A 21st Century Community Learning Center grant from the state Department of Education is underwriting Angela Cameron’s request for $600,000 for after-school programs in Brookfield, East Liverpool and Campbell elementary schools. Cameron is director of the Center for Human Services Development in the Beeghly College of Education.

The Ohio Board of Nursing is providing $90,000 to professor Nancy Wagner, chairwoman of the nursing department in the Bitonte College of Health and Human Services.

Mike Beverly received the first staff recognition award for securing funding from the Wean Foundation for the YSU Summer Bridge Program. Summer Bridge helps minority incoming freshmen improve their chances of success at YSU. Beverly, a graduate of YSU, is a senior coordinator at its Center for Student Progress where he has been an academic coach 15 years.

In his remarks, Provost Martin Abraham, iterated the importance of research. “Research is a difference-maker at our university,” he said. “It helps undergraduates and graduates understand what they learn and increases enrollment” when prospective students learn the opportunities YSU offers.

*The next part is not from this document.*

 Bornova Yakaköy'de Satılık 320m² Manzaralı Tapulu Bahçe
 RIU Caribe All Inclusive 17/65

Abraham and Hripko have been engaged with Tom Tyrrell, CEO and founder of Great Lakes Biomimicry, who is working to have universities and corporations across northeastern Ohio share nonproprietary research.

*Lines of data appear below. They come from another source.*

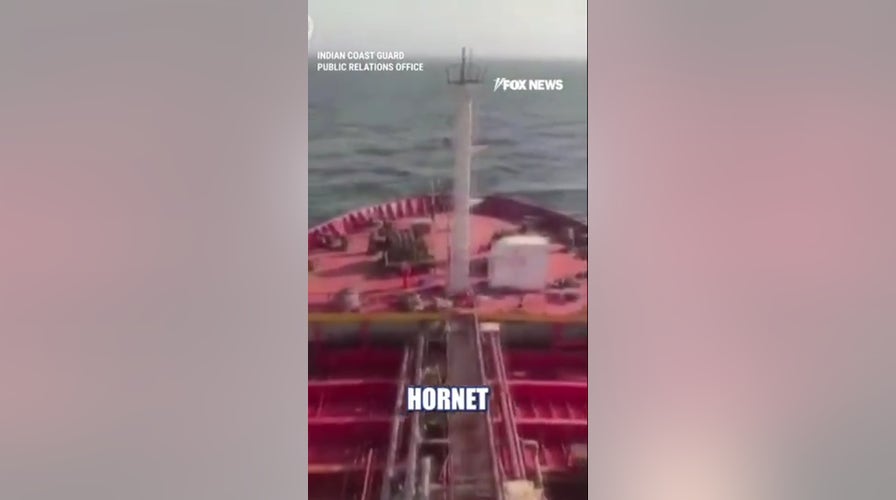 DETAILS: US disables tanker in Gulf of Oman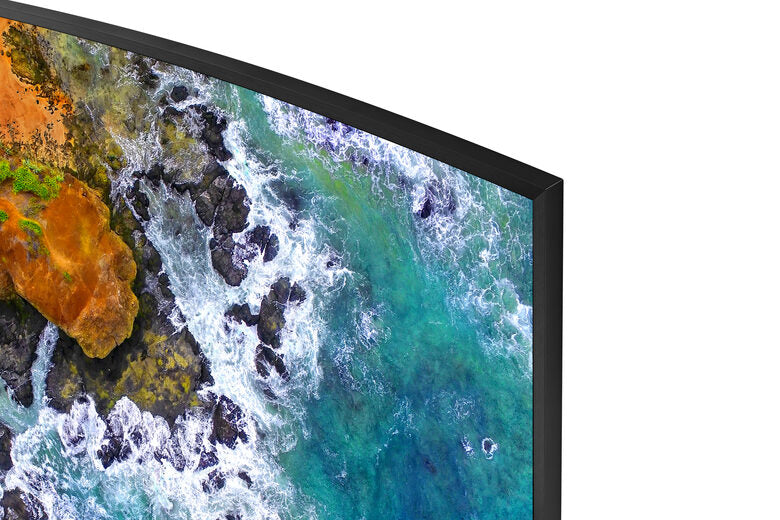 Samsung TV UHD 4K 49'' Curved NU7500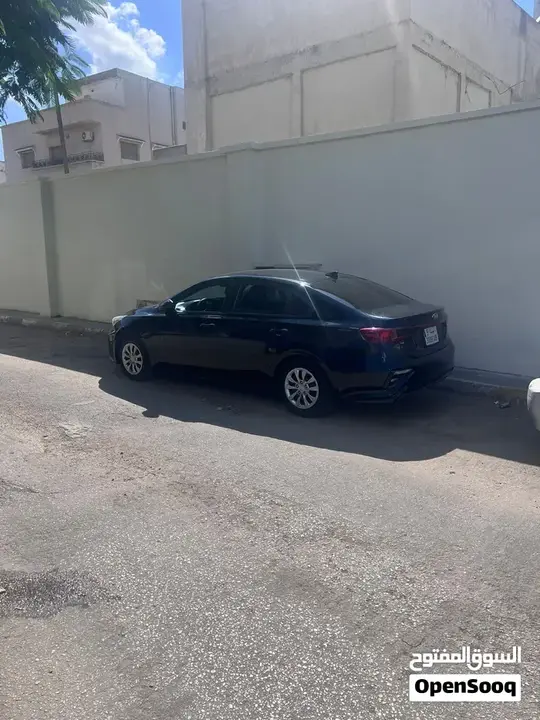 Kia Forte 2019 photo 5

Tyrrell, the keynote speaker, related how his nonprofit organization is working to create the conditions that result in developing scientific and mathematical talent in grades K-12 and into college and graduate school.

He described Biomimicry, founded in 2010, as “a catalyst organization” whose goal is to encourage closer cooperation among the R&D departments of the major corporations based in northeastern Ohio and the faculty of the STEM schools nearby.

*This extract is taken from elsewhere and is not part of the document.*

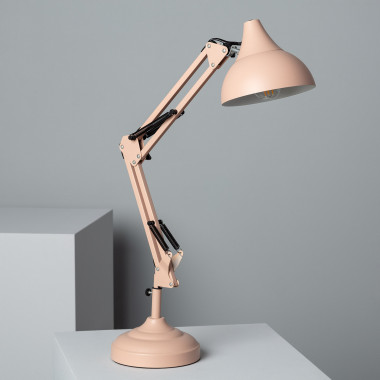 Ceres Metal Flexo Desk Lamp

Should his efforts succeed, northeastern Ohio can add $425 billion to the national economy within the next decade, he said. If the curriculum changes Biomimicry is working for are effected and students are attracted to learning everything from engineering in nature, upon graduating these students would alleviate the 3,000 jobs that would go unfilled.

Biomimicry looks at what plants and animals do in nature to feed and defend themselves. He offered three examples of how humans have learned from nature:

  • The development of bird-friendly glass so birds don’t crash into windows in buildings. By making glass with small ultraviolet patterns (invisible to the human eye), birds are deterred from flying into windows and either killing or severely injuring themselves.
  • The Shinkansen bullet train in Japan. Scientists looked at the beak of a kingfisher for the cone of the train and wing structure of an owl to develop a better train that has no sonic boom, is 15% faster and consumes 15% less fuel.
  • What Southwestern Airlines learned from ants about routing and shipping cargo. Over the course of many millennia, ants have developed algorithms to establish routes to carry food back to their anthills, routes that are not the shortest or most direct but the fastest. The logistics staff at Southwest determined some of these algorithms and have adapted them to reduce the time cargo remains on the ground and how quickly their planes ship it.

GoJo Industries, which makes hand sanitizers, used biomimicry to learn, “How does nature deliver fluids?” from female mammals feeding their newborn to a skunk releasing its odor. Eighteen months later, Tyrrell said, its engineers felt they had come up with the optimal dispensers for their products, optimal here defined as including “cradle to cradle biodegradability.”